De hoge inflatie in 2022 kwam grotendeels door stijgende energie- en brandstofprijzen en de prijzen van andere eerste levensbehoeften.

In veel huurcontracten voor bedrijfspanden is de jaarlijkse huurverhoging gekoppeld aan de CPI. Dat betekent, simpel gezegd, dat verhuurders de huurprijs mogen aanpassen aan de geldende CPI (en de huurprijs dus met 14,5% mogen verhogen). Dat kan een fors hogere huurprijs betekenen en dit werkt niet alleen voor heel 2023 door, maar ook voor de toekomst. In veel standaard (ROZ) algemene bepalingen die op huurovereenkomsten van toepassing worden verklaard staat namelijk vermeld dat de verhuurder de huurprijs in de toekomst niet wijzigt als de indexering leidt tot een lagere huurprijs dan de laatst geldende. Een afname van de inflatie betekent derhalve niet per definitie een afname van de huurprijs.

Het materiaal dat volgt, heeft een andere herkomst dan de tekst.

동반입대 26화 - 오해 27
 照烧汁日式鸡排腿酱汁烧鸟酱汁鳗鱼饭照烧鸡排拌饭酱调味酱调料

Het CBS heeft begin 2022 gemeld dat de huidige berekeningsmethode die ten grondslag ligt aan de CPI niet geschikt is voor de huidige markt. In 2023 is door het CBS dan ook een nieuwe rekenmethode vastgesteld. Deze wordt vanaf juni 2023 gebruikt voor het meten van energieprijzen voor consumenten.

Omdat het CBS de reeds gepubliceerde cijfers níet herziet, heeft het invoeren van de nieuwe methode voor energieprijzen géén impact op het gebruik van de CPI voor indexeringsdoeleinden.

Op 4 mei 2023 heeft de voorzieningenrechter van de rechtbank Den Haag (ECLI:NL:RBDHA:2023:8786) een voorlopig oordeel gegeven in een kort geding procedure over het hoge percentage waarmee de huurprijs kan worden geïndexeerd.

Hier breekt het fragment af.